Good luck for your wife too, maybe to make it more interesting aroebic or spinning classes change things up a bit from x trainer or treadmill , just a thought.


----------



## bert1 (Aug 22, 2010)

lol, when I am training i drink like 3 litres of water, bu possibly right since i drink little the rest of the day.

the dizzyness just seems random, not after training so far, just when standing up or lying down ect....perhaps because im unfit.

I dont think she will go out and do arobics....i think she is going down the dvd route - its easier in your own home because theres no one to watch kinda thing ( aafter a child ). I dont know why she`s like that, to me she`s perfect....


----------



## Bettyboo (Jun 8, 2009)

bert1 said:


> lol, when I am training i drink like 3 litres of water, bu possibly right since i drink little the rest of the day.
> 
> the dizzyness just seems random, not after training so far, just when standing up or lying down ect....perhaps because im unfit.
> 
> I dont think she will go out and do arobics....i think she is going down the dvd route - its easier in your own home because theres no one to watch kinda thing ( aafter a child ).
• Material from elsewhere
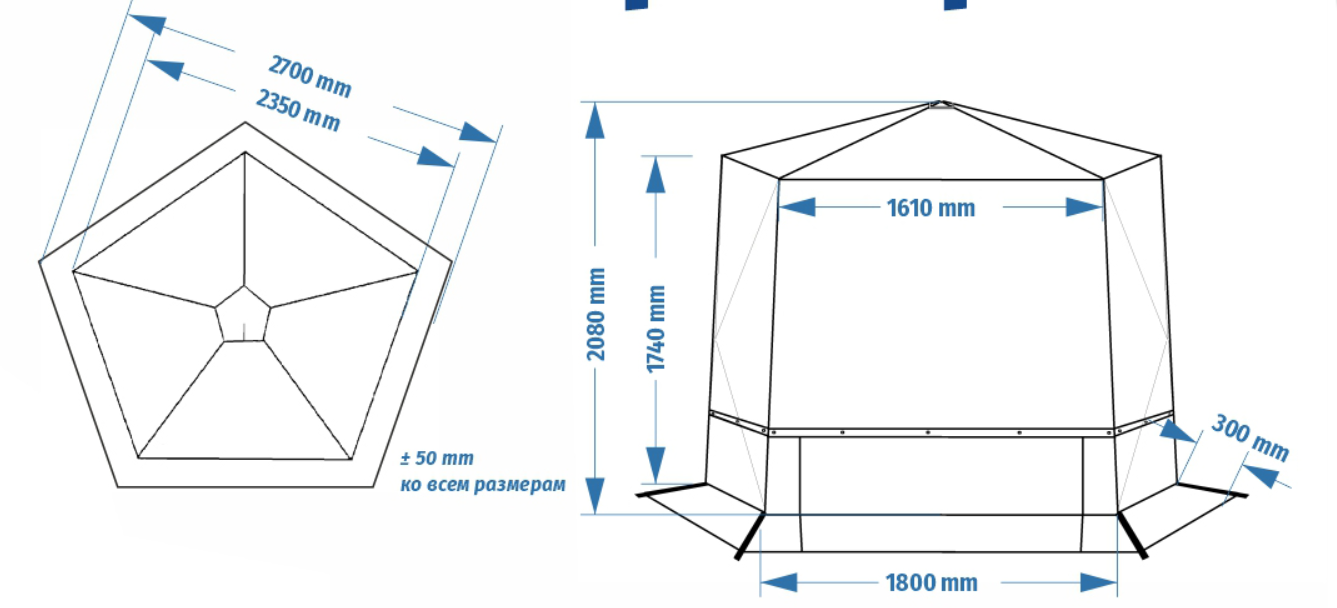 картинка Шатер быстросборный, h-2,08 м, 5 стен (1,8 х 1,7 м)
I dont know why she`s like that, to me she`s perfect....


Aaww thats sweet!

Cool there are some fab dvd's out there with good workouts maybe get two and alternate them a few days a week so it doesnt get too repetitive and boring, then maybe once confidence has built up then go down the gym route.

Best of luck to you both  hope the nipper is good


----------



## bert1 (Aug 22, 2010)

cheers 

the nipper? you almost made him sound cute !
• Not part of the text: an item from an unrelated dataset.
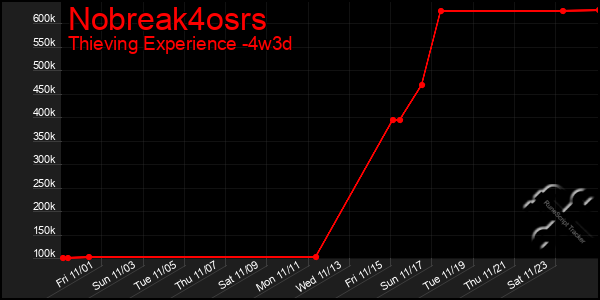 Last 31 Days Graph of Nobreak4osrs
( 16 months old ) Vincents a little bugger! all he does is destroy my things, **** every couple hours and kick me in the head hahaha - love him to bits tho


----------



## Bettyboo (Jun 8, 2009)

bert1 said:


> cheers
> 
> the nipper? you almost made him sound cute !
> 
> ( 16 months old ) Vincents a little bugger! all he does is destroy my things, **** every couple hours and kick me in the head hahaha - love him to bits tho


lol @ kick me in the head pmsl

Right I had better get some sleep well at least try lol

:whistling:


----------



## tonyc74 (Sep 2, 2009)

good luck with the journal - it will be easier than you think to get where you need to be, just keep it simple!


----------



## Ken Hutchinson (May 29, 2009)

Good luck mate, you are not as bad as you think you are, people on this board have started from a lot worse position than you, keep at it, and you will get there.


----------



## Hobbio (Jul 9, 2010)

bert1 said:


> lol, im not going to quit dont worry (* I have to beat hobbio after all *), I just wondered if I was always going to be dizzy ect or if my body would adjust to less again
> 
> Im trying to convince the wife to train with me also - she is looking at more arobic type training for fat loss after having our son but still someone to egg me on a bit


Ahem, in your dreams boy! :whistling:


----------



## bert1 (Aug 22, 2010)

gah bad night.....just lay wide awake untill 8am and then slept until 11  duno why  feel crap


----------



## Little_Jay (Feb 6, 2006)

good luck mate, but that body fat calculator must be way off the mark! it says am 9.6% but there is no way i am!


----------



## bert1 (Aug 22, 2010)

how do you work it out james? is there a more acurate way?


----------



## Little_Jay (Feb 6, 2006)

you can use calipairs (sp) i think they are the most accurate even though i havent done it myself, but i would estimate my body fat to be about 15-18% so that is way off i think!


----------



## bert1 (Aug 22, 2010)

god I hope your wrong....but I wouldnt have said i was more than 30% tops, I have absolutely no fat except love handles, chest and gut


----------



## bert1 (Aug 22, 2010)

25-8-10

got 3 hours sleep, 0800-1100ish last night 

did 3x10 push ups, 3x10 arms at my side and lifting them outwards ( with little weights ), 3x10 crunch sit up things, 3x10 lying on the bed with my arms above my head lifting weights up to vertical, walked about 2 miles pushing my son.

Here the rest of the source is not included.